### WORK REQUIRED:
Retype only the stretch of lines that starts with the line containing "Buzz Clifford - See Your Way Clear (LP)" and ends with the last line of the records, both included, exactly.

Start of RECORDS TO USE

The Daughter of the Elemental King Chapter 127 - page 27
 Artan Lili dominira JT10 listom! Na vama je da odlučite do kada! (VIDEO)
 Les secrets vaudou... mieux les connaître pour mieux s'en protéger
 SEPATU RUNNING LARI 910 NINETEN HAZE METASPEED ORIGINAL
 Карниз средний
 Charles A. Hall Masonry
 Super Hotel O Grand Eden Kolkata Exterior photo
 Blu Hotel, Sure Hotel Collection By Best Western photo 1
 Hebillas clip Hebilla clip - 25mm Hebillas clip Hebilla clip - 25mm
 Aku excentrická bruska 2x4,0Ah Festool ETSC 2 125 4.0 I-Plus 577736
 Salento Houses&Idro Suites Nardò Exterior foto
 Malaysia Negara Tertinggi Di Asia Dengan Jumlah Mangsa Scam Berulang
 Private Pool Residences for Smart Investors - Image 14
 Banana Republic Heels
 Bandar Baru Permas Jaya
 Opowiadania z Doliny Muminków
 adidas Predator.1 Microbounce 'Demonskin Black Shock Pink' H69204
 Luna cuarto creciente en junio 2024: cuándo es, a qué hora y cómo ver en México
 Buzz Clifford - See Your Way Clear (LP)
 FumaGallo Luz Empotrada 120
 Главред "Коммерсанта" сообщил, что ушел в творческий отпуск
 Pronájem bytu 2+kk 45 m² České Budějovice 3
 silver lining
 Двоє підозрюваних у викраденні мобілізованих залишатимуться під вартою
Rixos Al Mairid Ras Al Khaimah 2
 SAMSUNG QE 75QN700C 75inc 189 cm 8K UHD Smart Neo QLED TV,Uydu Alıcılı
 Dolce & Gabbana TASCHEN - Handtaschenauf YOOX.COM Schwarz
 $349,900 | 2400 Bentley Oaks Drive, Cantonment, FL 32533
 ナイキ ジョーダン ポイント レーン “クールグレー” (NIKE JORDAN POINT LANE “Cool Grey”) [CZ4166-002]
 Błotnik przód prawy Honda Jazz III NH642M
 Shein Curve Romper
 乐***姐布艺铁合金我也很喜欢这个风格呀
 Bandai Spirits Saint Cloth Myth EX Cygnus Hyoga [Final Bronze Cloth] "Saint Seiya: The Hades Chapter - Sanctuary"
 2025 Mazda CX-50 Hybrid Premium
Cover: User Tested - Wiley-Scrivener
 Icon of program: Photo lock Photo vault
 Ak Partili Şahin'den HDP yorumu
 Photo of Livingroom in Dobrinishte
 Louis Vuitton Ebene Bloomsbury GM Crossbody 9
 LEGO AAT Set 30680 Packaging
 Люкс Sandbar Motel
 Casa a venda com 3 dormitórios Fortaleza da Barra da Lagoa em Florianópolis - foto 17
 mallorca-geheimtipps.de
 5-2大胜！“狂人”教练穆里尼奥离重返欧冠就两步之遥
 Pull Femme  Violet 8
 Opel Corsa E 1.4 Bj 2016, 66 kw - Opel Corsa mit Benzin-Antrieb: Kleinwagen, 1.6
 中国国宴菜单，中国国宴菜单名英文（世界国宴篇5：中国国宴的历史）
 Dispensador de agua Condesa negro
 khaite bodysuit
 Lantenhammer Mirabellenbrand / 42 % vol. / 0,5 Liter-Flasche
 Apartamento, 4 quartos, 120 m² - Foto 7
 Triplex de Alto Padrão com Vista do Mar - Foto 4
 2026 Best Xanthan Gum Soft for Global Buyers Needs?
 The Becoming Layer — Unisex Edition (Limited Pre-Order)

End of RECORDS TO USE

### RESULT OF THIS EXERCISE:
 Buzz Clifford - See Your Way Clear (LP)
 FumaGallo Luz Empotrada 120
 Главред "Коммерсанта" сообщил, что ушел в творческий отпуск
 Pronájem bytu 2+kk 45 m² České Budějovice 3
 silver lining
 Двоє підозрюваних у викраденні мобілізованих залишатимуться під вартою
Rixos Al Mairid Ras Al Khaimah 2
 SAMSUNG QE 75QN700C 75inc 189 cm 8K UHD Smart Neo QLED TV,Uydu Alıcılı
 Dolce & Gabbana TASCHEN - Handtaschenauf YOOX.COM Schwarz
 $349,900 | 2400 Bentley Oaks Drive, Cantonment, FL 32533
 ナイキ ジョーダン ポイント レーン “クールグレー” (NIKE JORDAN POINT LANE “Cool Grey”) [CZ4166-002]
 Błotnik przód prawy Honda Jazz III NH642M
 Shein Curve Romper
 乐***姐布艺铁合金我也很喜欢这个风格呀
 Bandai Spirits Saint Cloth Myth EX Cygnus Hyoga [Final Bronze Cloth] "Saint Seiya: The Hades Chapter - Sanctuary"
 2025 Mazda CX-50 Hybrid Premium
Cover: User Tested - Wiley-Scrivener
 Icon of program: Photo lock Photo vault
 Ak Partili Şahin'den HDP yorumu
 Photo of Livingroom in Dobrinishte
 Louis Vuitton Ebene Bloomsbury GM Crossbody 9
 LEGO AAT Set 30680 Packaging
 Люкс Sandbar Motel
 Casa a venda com 3 dormitórios Fortaleza da Barra da Lagoa em Florianópolis - foto 17
 mallorca-geheimtipps.de
 5-2大胜！“狂人”教练穆里尼奥离重返欧冠就两步之遥
 Pull Femme  Violet 8
 Opel Corsa E 1.4 Bj 2016, 66 kw - Opel Corsa mit Benzin-Antrieb: Kleinwagen, 1.6
 中国国宴菜单，中国国宴菜单名英文（世界国宴篇5：中国国宴的历史）
 Dispensador de agua Condesa negro
 khaite bodysuit
 Lantenhammer Mirabellenbrand / 42 % vol. / 0,5 Liter-Flasche
 Apartamento, 4 quartos, 120 m² - Foto 7
 Triplex de Alto Padrão com Vista do Mar - Foto 4
 2026 Best Xanthan Gum Soft for Global Buyers Needs?
 The Becoming Layer — Unisex Edition (Limited Pre-Order)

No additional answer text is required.